Lady Jasper leaned forward, motioned for Adam to lean forward as
well. “They’re the same person,” she whispered hoarsely. “They’re
the Devil, Daventry. He’s the Devil. Learn it, know it, or you and
your so-innocent little wife are destined to be forever damned.
Like me.”

Adam felt Chollie collapse onto the cushion
beside him, even as he continued looking deeply into Gytha Jasper’s
dark, burning eyes. “Go on,” he said, his voice so quiet it could
barely be heard above the chiming of the mantel clock. “I’m
listening. Perhaps if you were to start at the beginning?”

“That’s my book,” Lady Jasper said, motioning
toward the black-leather-covered volume that seemed to throb with a
life of its own as it lay on the table. At least Chollie seemed to
think so, for he took a cushion from the couch and covered the
thing up so that no one could see it. “Don’t remember where I got
it, it’s been too long, but I was young then, and stupid. I read
what I had your idiot friend read just now, but I didn’t believe
it. So I summoned him. Summoned the Devil.”

Chollie quickly touched a hand to his
forehead, his chest, his left and right shoulder. Then he spat on
the floor.

“It isn’t hard at all, you know,” she went
on. “He’s more than happy to come. I called on all the devils of
hell one after the other, the crown princes, as it were. Lucifer.
Satan. Belial. Leviathan. And the next day? Well, the next day
Edmund Burnell came knocking on my door.”

Adam held out his hands, asking her to be
silent for a moment. “Edmund Burnell, Lady J? When was this?”

“Forty years ago,” she said, sighing. “And,
before you interrupt me again, I’ll tell you that he looked nothing
like he does now. Didn’t call himself Edmund Burn-in-hell then,
either. I’ve seen him so many times, when he’s come
collecting,
and he never looks the same, never has the same
name. But he’s always pretty. Stands to figure, doesn’t it? I mean,
he was once God’s favorite archangel, if you’ve been reading your
Bible, and let me tell you, boy, I have been. Makes sense that he’d
be the prettiest one.”

“That does make sense, doesn’t it, boyo? If
you could look like anything you wanted to, who’d want to have
horns and a tail, I’m asking?” Chollie leaned forward, rested his
elbows on his knees, clearly captivated. “Go on, Lady J. You tell a
good tale, so far. You called forth the Devil. Then what
happened?”

“This happened, you drooling dolt,” Lady
Jasper said, spreading her arms to include the whole of the room,
the whole of her town house, the whole of her life. “Or did you
really think I got that old idiot to marry me for my beauty, my
nonexistent dowry? I got everything I asked for and nothing I
didn’t. Made a few mistakes there, let me tell you. And all I had
to do was trade my soul for the whole of it. Now I want it
back.”

“After you made the trade, had yourself forty
good years?” Chollie asked, winking at Adam. Clearly his friend was
caught between his superstitions and his love of a fine joke. “That
doesn’t seem fair to the Old Boy, now does it?”

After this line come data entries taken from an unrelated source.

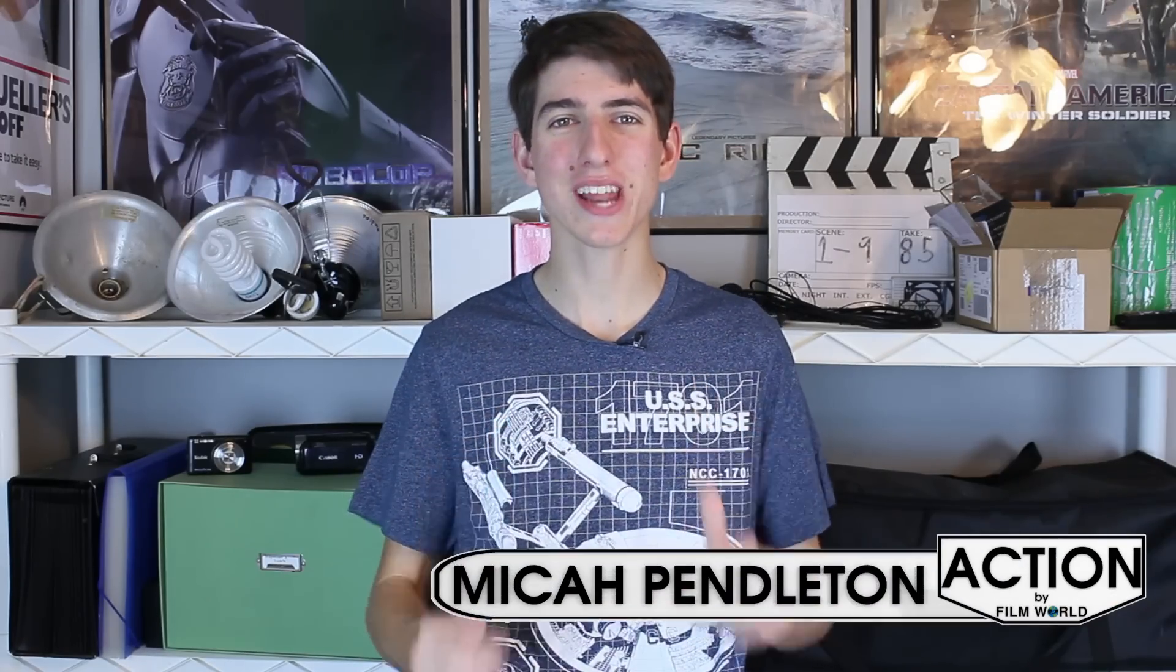Hello Filmworlders, it's me, your host Micah Pendleton. And here we are, three years later, and we're doing the same thing: making lightsaber blades in Blender. But this time I'm wearing a Star Trek t-shirt.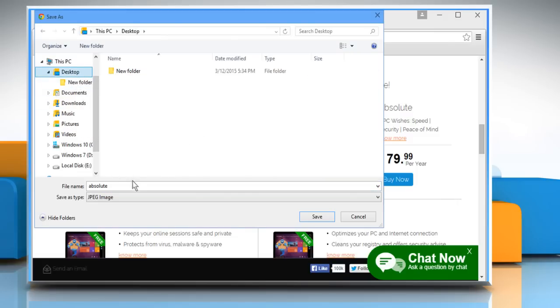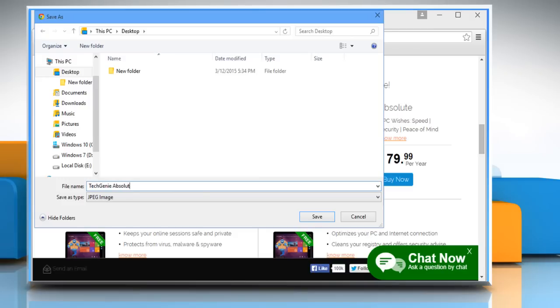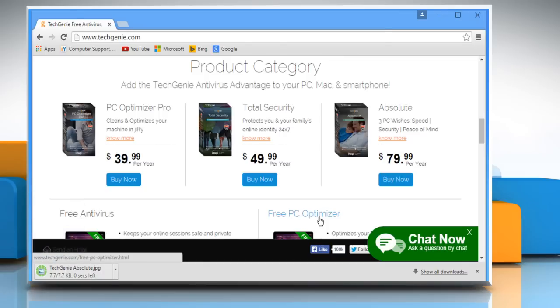Specify a location for the downloaded image that will be easy for you to find later. Enter the file name of the image you want to save. Click on Save to save the image on your computer.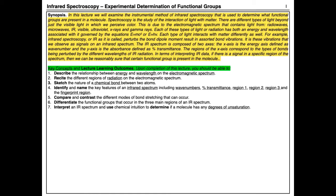In this tutorial screencast, we'll look at infrared spectroscopy, which is the experimental determination of functional groups. Our lecture synopsis is that the instrumental method of IR spectroscopy is used to determine what functional groups are present in a molecule.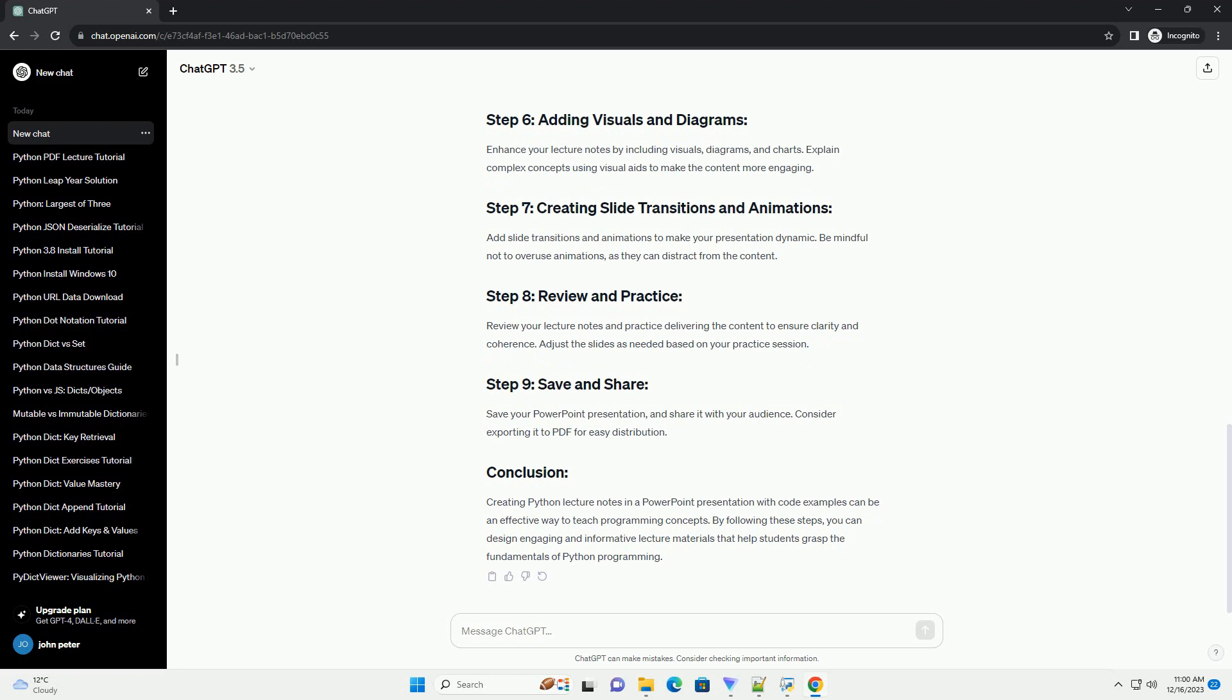Chat GPT. Python is a powerful and widely used programming language, making it an excellent choice for teaching programming concepts. Creating lecture notes in a PowerPoint presentation is a common practice to aid in the learning process. In this tutorial, we'll guide you through the process of creating informative Python lecture notes using PowerPoint, including code examples.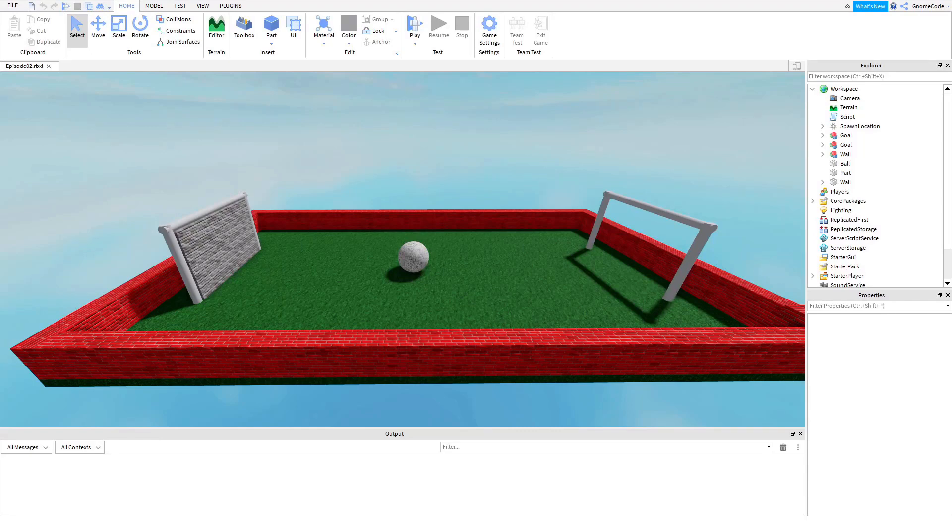Hello and welcome back to episode two of our how to script series, or episode three if you start from the very beginning.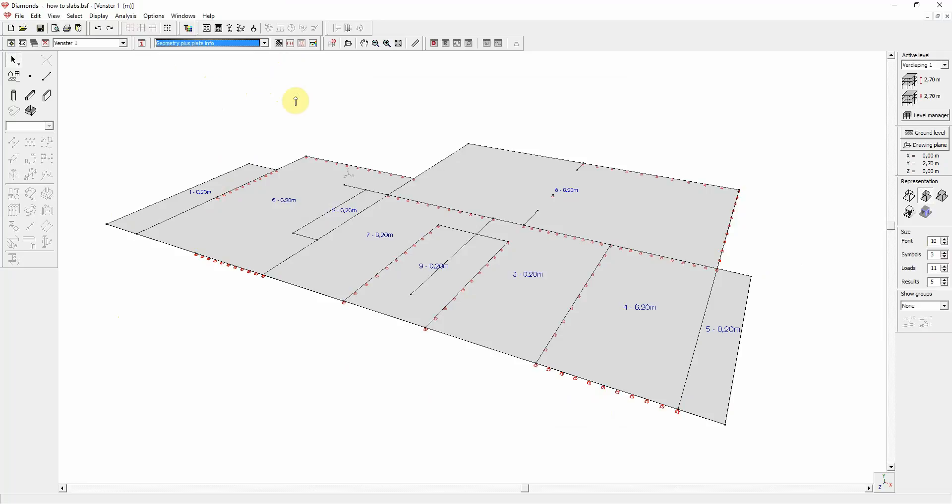This new configuration is accessible from the model environment and also when using the reporting functionalities, which can be found over here. We have now shown the steps for the geometry configuration. But these are similar for the results or the loads configuration.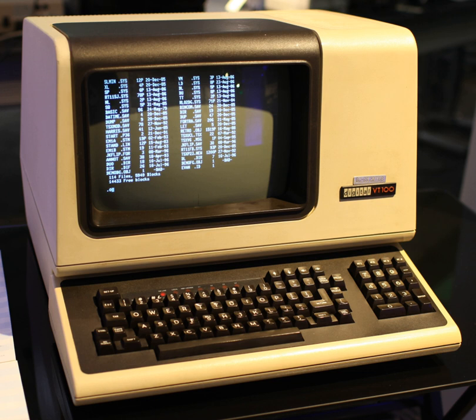A computer terminal is an electronic or electromechanical hardware device that is used for entering data into, and displaying or printing data from, a computer or a computing system.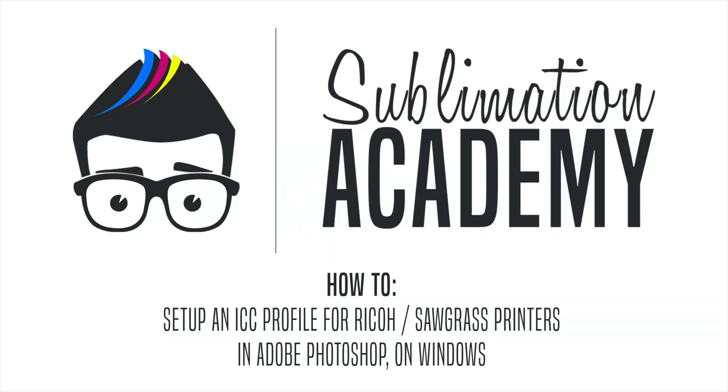Hello and welcome to the Ink Experts Sublimation Academy. Today we are setting up an ICC profile for Ricoh and Sawgrass printers in Photoshop on Windows 10.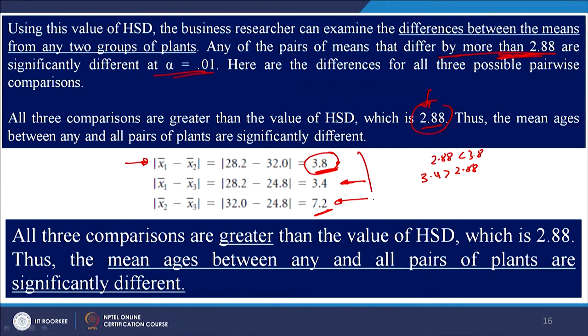So our conclusion is: first, there is a significant difference in age across the 3 plants — which is what ANOVA told us. Using Tukey's test we further conclude that there is a significant difference between mean age of plant 1 and plant 2 employees, between plant 1 and plant 3 employees, and between plant 2 and plant 3 employees. This is one way of finding the answer.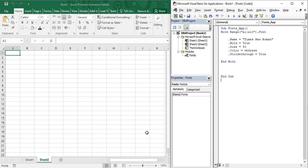Hello everyone, welcome back to the YouTube channel Programming Knowledge. In today's Excel VBA video, we are going to see the usage of a very special function given to us by Microsoft Excel — this function is known as Paste Special. To understand Paste Special and its functionality, first let's see what exactly its usage is.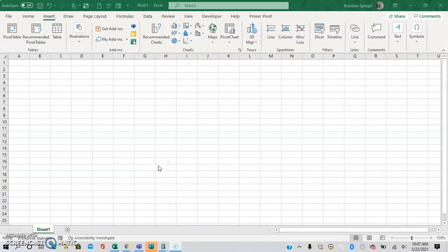What's going on YouTube? I just wanted to make a quick tutorial to show you how you can actually insert a Word document into your Excel sheet.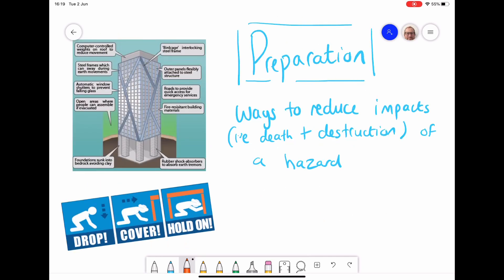The next stage is preparation — finding ways to reduce the impacts of a hazard, in this case stopping death and destruction as best as possible. We can do that by designing clever buildings. For construction, you can have controlled weights on the roof that reduce movement, a steel cage that interlocks and keeps everything protected, and foundations deep in clay so the building doesn't move as much. All of these are ways that building design can prevent a building from collapsing.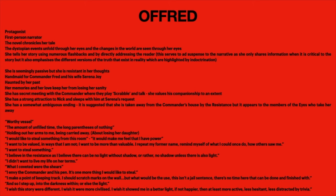Offred is the handmaid for Commander Fred and his wife Serena Joy. She's haunted by her past; her memories and love keep her from losing her sanity. She has secret meetings with the Commander where they play Scrabble and talk, and she values his companionship to an extent. She has a strong attraction to Nick and sleeps with him at Serena's request. Her ending is ambiguous — it's suggested she's taken from the Commander's house, seemingly by the Eyes. Some important quotes relating to Offred: 'the vessel.'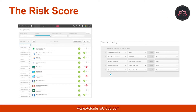The cloud app catalog gives you a full picture of what cloud discovery identifies. Cloud discovery analyzes your traffic logs against Microsoft Cloud App Security's cloud app catalog of over 16,000 apps that are ranked and scored based on more than 70 risk factors, providing you with ongoing visibility into cloud use, shadow IT, and shadow IT risks in your organization. The cloud app catalog rates risk for your cloud apps based on regulatory certification, industry standards, and best practices.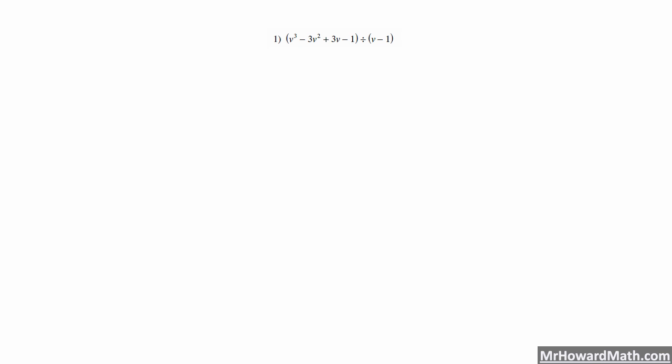Hello, I'm Mr. Howard. In this video we are going to look at long division of polynomials. I'm going to work four examples in this video, and then I will make another video where I work three of these same four using synthetic division, so that you can see both of those in action. So I'm going to start with problem one: v cubed minus 3v squared plus 3v minus 1 needs to be divided by v minus 1.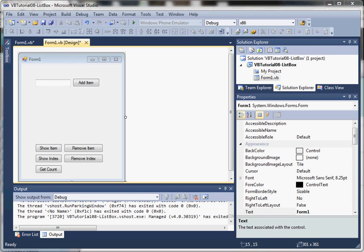Hey everyone, a quick tutorial here to look at simple list box functionality. The list box implements what's called an items collection, which allows us to store multiple values in list format, and allows us to programmatically access that item's list in a very easy way.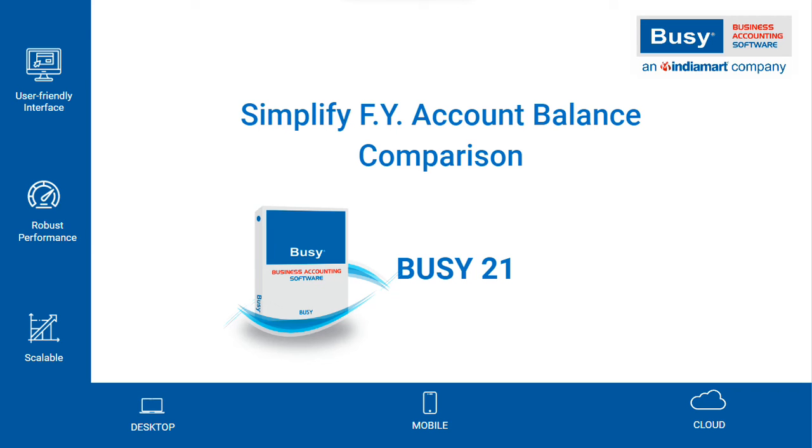Simplify Financial Year in Account Balance Comparison. In Busy21, you can compare your account balances with last year's. This report helps you see if the closing balance from last year mismatches the opening balance of this year.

“Let the woman talk, Chollie,” Adam
whispered, as Lady J took recourse to her wineglass once more.
Confession might be good for the soul, but it also appeared to be a
thirsty business, just as she’d said. “She recognized Richard
Brimley’s name. Mad as a hatter or not, she knows what we need to
know.”

“If you say so, boyo,” Chollie shot back at
him. “But I don’t like all this talk about Old Nick. This whole
thing is giving me a grand case of the fidgets.”

It seemed clear to Adam that Lady Jasper had
finished her tale, sketchy as it was, so he felt free to ask her a
few questions. “Why is Dickie—why is Edmund after us? After my wife
and me?”

“You’ll have to ask him that,” Lady Jasper
said, waving away the question. “Maybe because, unlike me, you
aren’t such easy pickings. But what makes you think he’s after you,
too? What you really need to know is how to thwart him. Thwart the
Devil. Do it and, according to that book, anyone he’s come to
collect this time is free as well.”

“Meaning you?”

“Meaning me,” she answered, smiling. Her
smile was most unpleasant. Adam would rather strike allies with a
cobra. But, he thought, only with an ounce of humor,
needs must
when the Devil drives.

“So, how do we thwart the Devil, as you call
it?”

“Tie a dozen rosaries around your neck?”
Chollie offered.

There was the sound of a carriage being
halted outside, followed by the opening and closing of the front
doors on the ground floor.

“It’s him!” Lady Jasper exclaimed, turning a
sickly pale gray. “We’re just visiting, that’s all. Aren’t we? Just
visiting, and waiting for him to return.”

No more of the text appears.